The Australian Government has an ambitious, complex plan to field nuclear-powered submarines (SSNs) by the early 2030s, but is it feasible?

In the latest instalment of its Debate Papers series, the United States Studies Centre (USSC) at the University of Sydney invited two leading thinkers on maritime strategy to debate whether the AUKUS Optimal Pathway is the best way forward to realise Australia’s strategic interests.

“The acquisition of SSNs presents a tremendous challenge and opportunity for Australia,” says USSC CEO Dr Michael Green. “The USSC is committed to a robust debate of all aspects of AUKUS.”
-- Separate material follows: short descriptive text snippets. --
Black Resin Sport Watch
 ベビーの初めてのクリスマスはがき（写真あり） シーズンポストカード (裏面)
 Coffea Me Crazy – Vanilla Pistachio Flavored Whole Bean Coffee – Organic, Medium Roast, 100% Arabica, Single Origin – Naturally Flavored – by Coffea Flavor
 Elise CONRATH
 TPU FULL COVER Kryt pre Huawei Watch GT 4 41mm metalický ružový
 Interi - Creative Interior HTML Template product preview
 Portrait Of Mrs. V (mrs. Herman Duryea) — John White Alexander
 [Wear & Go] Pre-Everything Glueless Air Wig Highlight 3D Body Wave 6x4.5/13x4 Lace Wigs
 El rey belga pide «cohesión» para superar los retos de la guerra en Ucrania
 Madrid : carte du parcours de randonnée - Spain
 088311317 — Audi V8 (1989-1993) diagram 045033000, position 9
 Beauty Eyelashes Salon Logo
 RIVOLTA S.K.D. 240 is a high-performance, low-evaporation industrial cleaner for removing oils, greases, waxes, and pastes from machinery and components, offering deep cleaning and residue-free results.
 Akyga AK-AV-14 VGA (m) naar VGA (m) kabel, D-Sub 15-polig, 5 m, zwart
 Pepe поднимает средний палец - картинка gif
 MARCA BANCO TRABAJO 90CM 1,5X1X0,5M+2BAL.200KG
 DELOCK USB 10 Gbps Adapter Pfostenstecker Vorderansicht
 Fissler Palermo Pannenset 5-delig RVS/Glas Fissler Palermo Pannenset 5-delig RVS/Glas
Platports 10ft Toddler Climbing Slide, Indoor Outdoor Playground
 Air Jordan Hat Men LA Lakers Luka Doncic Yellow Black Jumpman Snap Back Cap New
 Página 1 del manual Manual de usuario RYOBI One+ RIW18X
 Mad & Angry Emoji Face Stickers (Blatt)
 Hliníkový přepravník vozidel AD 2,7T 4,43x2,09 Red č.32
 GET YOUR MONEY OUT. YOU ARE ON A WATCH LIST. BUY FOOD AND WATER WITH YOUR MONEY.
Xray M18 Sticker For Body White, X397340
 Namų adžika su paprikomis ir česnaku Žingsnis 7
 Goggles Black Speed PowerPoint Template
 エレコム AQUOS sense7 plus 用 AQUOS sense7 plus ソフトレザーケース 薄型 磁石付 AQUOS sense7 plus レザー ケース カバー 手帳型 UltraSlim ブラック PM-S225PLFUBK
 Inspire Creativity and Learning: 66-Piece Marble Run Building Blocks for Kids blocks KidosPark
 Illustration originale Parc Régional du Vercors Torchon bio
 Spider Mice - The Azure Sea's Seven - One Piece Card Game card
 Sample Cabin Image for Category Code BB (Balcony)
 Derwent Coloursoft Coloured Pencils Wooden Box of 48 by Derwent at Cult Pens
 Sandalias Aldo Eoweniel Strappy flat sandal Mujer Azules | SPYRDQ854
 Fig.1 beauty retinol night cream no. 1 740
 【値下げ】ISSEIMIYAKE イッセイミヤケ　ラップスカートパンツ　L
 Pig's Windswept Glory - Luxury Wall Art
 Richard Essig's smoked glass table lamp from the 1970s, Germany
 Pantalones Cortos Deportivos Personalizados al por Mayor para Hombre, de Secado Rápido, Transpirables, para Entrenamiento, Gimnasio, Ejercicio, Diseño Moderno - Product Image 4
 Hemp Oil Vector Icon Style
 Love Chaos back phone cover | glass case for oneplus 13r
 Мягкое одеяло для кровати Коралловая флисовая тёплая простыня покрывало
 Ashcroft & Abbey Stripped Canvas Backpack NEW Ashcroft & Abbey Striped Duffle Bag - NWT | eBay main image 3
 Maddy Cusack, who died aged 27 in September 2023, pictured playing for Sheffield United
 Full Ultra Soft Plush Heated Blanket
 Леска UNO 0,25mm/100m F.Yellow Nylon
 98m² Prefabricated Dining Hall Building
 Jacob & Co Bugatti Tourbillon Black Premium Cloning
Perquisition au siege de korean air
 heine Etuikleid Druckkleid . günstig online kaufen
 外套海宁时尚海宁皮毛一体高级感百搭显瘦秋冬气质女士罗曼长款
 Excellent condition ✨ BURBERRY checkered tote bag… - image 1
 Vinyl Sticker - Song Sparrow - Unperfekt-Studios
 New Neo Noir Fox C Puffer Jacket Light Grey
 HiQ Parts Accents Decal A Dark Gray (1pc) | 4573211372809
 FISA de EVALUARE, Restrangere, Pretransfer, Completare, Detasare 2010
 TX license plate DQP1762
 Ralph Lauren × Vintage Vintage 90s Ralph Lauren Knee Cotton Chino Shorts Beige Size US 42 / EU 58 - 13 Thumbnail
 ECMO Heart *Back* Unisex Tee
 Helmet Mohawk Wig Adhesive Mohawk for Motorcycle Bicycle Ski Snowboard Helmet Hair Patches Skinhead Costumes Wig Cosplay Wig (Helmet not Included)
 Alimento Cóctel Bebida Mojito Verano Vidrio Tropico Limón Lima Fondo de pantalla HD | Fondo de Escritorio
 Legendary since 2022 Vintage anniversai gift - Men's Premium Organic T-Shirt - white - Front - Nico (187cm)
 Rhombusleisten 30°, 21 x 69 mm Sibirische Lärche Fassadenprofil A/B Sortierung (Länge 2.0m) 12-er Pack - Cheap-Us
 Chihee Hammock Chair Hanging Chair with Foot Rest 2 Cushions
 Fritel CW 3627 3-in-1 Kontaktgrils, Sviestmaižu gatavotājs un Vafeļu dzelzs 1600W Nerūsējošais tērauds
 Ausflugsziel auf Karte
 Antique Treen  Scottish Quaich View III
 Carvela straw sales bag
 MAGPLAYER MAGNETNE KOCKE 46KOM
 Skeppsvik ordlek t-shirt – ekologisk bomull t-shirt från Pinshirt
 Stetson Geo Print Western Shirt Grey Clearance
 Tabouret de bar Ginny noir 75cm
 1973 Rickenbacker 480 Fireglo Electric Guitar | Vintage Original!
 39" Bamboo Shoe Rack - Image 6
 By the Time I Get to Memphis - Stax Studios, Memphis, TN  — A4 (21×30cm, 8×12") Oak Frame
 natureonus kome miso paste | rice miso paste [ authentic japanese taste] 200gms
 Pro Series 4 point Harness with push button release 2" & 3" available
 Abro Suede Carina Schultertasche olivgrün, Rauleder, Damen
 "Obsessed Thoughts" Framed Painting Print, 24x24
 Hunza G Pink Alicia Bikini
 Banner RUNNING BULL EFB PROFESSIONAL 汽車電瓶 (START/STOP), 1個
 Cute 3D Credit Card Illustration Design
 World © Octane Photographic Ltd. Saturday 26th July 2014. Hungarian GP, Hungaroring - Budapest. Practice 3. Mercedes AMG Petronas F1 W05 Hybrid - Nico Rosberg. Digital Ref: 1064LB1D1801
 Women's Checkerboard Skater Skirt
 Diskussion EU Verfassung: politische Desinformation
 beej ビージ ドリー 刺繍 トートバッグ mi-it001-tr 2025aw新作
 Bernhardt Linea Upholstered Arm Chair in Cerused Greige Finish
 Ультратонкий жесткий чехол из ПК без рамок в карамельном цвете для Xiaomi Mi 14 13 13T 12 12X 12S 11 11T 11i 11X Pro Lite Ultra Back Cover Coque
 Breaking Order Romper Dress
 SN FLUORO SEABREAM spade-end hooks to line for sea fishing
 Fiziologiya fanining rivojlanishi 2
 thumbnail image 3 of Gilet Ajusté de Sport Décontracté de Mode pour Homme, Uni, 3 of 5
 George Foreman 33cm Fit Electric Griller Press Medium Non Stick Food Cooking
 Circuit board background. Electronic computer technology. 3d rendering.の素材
Dr Elizabeth Buchanan, an expert associate of the Australian National University National Security College, argues that, though nuclear-powered submarines are the right choice for Australia, Canberra should scrap plans to build its own SSN-AUKUS submarine. Taking stock of labour shortages, time and funding constraints, and political will among AUKUS partners, she says Australia should prioritise building interoperability with the United States. In addition to purchasing three to five US Virginia-class SSNs, this would involve embracing Australia's advantages as a key regional pit-stop to support an enhanced US and UK SSN presence from Australian shores.

Dr Richard Dunley, a senior lecturer at UNSW Canberra argues that the Optimal Pathway chosen by the Australian Government is the best of the few options available to Australia. The transfer of the US Virginia-class submarines will be, Dunley argues, further enhanced by developing an indigenous SSN capability. The smaller and cheaper British-designed SSN-AUKUS is a better fit for Australia than alternatives and allows Australia and the UK to develop a shared industrial base to support a joint fleet.

Is Australia’s AUKUS submarine pathway really ‘optimal,’ is the 13th instalment of The Debate Papers.